*SUPPLIED DATA:*
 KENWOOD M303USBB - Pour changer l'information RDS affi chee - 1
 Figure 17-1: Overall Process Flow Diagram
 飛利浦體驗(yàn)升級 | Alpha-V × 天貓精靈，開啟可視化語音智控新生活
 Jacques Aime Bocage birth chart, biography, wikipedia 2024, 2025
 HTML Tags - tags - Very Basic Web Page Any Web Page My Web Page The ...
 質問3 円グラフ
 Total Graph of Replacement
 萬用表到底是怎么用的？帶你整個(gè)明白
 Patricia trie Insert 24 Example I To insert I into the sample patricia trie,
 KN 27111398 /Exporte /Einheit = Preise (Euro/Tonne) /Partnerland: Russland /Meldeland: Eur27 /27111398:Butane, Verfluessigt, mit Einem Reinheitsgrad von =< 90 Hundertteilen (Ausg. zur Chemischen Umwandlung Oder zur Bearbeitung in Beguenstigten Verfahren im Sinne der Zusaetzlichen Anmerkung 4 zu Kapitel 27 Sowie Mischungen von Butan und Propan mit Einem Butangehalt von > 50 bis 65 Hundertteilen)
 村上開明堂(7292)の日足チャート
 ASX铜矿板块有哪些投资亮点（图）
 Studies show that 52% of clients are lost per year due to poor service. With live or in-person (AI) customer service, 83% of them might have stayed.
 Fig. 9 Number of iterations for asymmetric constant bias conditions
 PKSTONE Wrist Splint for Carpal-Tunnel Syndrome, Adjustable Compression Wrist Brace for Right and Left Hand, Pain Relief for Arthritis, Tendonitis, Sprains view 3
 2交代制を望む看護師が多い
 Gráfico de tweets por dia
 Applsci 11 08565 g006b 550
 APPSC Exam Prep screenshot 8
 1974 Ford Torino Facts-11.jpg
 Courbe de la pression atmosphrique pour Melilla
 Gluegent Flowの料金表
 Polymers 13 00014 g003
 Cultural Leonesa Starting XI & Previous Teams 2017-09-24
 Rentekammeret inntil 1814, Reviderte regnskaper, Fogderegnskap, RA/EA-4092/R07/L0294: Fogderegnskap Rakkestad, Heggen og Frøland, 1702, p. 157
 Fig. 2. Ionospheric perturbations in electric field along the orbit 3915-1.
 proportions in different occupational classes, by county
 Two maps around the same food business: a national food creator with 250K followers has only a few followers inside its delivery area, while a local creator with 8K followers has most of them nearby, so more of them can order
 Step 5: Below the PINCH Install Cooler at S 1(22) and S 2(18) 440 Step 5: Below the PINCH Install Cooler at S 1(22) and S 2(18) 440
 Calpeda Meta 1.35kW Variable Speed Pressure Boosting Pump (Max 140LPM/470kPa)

*ACTIVITY:*
In the listing above, start at the line with "ASX铜矿板块有哪些投资亮点（图）", go on through the line with "1974 Ford Torino Facts-11.jpg", and copy each of those lines exactly; leave out all the rest.

*RESULT OF THIS EXERCISE:*
 ASX铜矿板块有哪些投资亮点（图）
 Studies show that 52% of clients are lost per year due to poor service. With live or in-person (AI) customer service, 83% of them might have stayed.
 Fig. 9 Number of iterations for asymmetric constant bias conditions
 PKSTONE Wrist Splint for Carpal-Tunnel Syndrome, Adjustable Compression Wrist Brace for Right and Left Hand, Pain Relief for Arthritis, Tendonitis, Sprains view 3
 2交代制を望む看護師が多い
 Gráfico de tweets por dia
 Applsci 11 08565 g006b 550
 APPSC Exam Prep screenshot 8
 1974 Ford Torino Facts-11.jpg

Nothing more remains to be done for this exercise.